Engineering prepares M&A financing

IFR 2482 - 06 May 2023 - 12 May 2023
4 min read
EMEA
Jihye Hwang, Robert Hogg

Engineering Group is preparing to return to the bond market with a €385m five-year non-call two trade that will be used to repay a bridge facility taken out to acquire consulting firm Be Shaping The Future.

The Italian IT company (B2/B–/B+) started investor calls on Thursday arranged by joint global coordinators BNP Paribas, Deutsche Bank and IMI Intesa Sanpaolo and passive bookrunners Banca Akros, Credit Suisse, Nomura and UniCredit.

The potential trade comes as the high-yield supply finally got off to a start in late April, though the majority of the issues were refinancing maturing debt.

"We started the year by seeing a number of refis and now we are seeing new money," said a leveraged finance banker. "[Centurion, the issuing entity,] has a bond outstanding but this is new money to be raised in fixed-rate format."

Engineering signed an agreement last June to buy a stake equal to around 43.2% of Be Shaping The Future that will consolidate the group's role as a strategic digital transformation services provider for financial institutions. Engineering is owned by Bain Capital and NB Renaissance, part of Neuberger Berman.

Although M&A can reduce the cash available to service debt, the company has a history of substantial M&A activity due to the presence of PE funds, while also being a leading player in the Italian IT services market, supported by high barriers to entry, said Giacomo Bergamo, credit portfolio manager at Ver Capital.

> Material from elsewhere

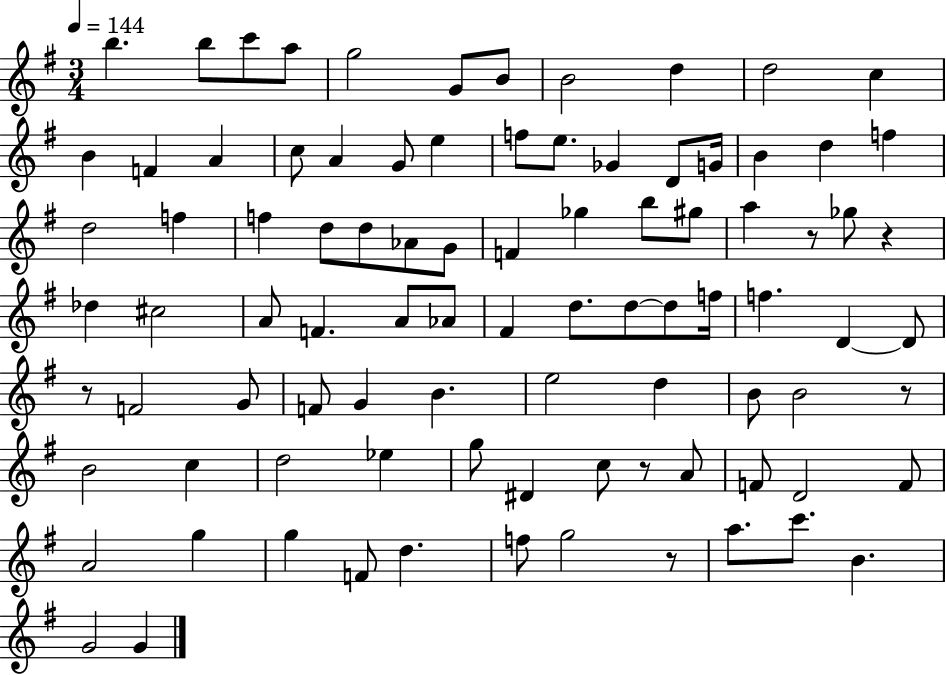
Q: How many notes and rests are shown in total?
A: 91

"The growth potential of that market is fostering opportunities in the future and it has diversification of activities in Italy, given the different industry verticals the group operates in," he said.

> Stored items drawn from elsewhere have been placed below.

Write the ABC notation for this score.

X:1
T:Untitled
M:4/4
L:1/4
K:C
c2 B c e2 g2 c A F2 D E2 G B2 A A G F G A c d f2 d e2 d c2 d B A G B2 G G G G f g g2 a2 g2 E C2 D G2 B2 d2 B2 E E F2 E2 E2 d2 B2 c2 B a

"The top 10 customers generated 30% of the company’s revenues, however, the group has a good tenure with customers of approximately 10 years. The group is subject to stringent regulation in the government projects and awarded contracts in which it participates."

Although, from an issuer's perspective, printing the new bond in a floating-rate format may look like a sensible decision given market expectations over interest rates being close to peak levels, there is a lot of downside risk in a floater, said the banker.

"The liquidity pool to go into FRNs is lower than fixed-rate," he said, adding that it is about 50bp cheaper these days to print a bond in a fixed rather than floating-rate format.

"CLOs are the main buyers of floaters and have buckets for them, but the biggest chunk of their money is for term loans. It wasn't an issue in 2021, as there was an abundance of cash and liquidity, but right now investors are zoning off the instruments and credits they look at."

Bergamo, though, sees opportunity in floaters. "We still have a preference for floating rates because these are more stable from a mark-to-market perspective, having less volatility," he said.

"We [also] prefer issuances in the Double B space that have a near-term maturity. The credit curves are still flat and you can lock in good yields, even in the short-term part of the curve."

The senior secured notes have expected ratings of B2/B–/BB– and will be issued through Centurion Bidco.

The company last visited the bond market in October 2020, according to IFR data. It raised €605m from a 6NC2 note that was backing its buyout by Bain Capital and Neuberger Berman. Then, the bonds came around three months after the company pulled its first attempt in late June on reports that some of its executives had been arrested by Italian tax police for alleged bribery.

S&P downgraded Engineering's rating to B– from B in December, citing a weakness in the company's governance structure and risk management. In November, it disclosed an accounting error in its finance vertical, with a revenue overstatement of €17.4m in the first nine months of 2022 and an accumulative current assets overstatement of €44.6m, according to the ratings agency.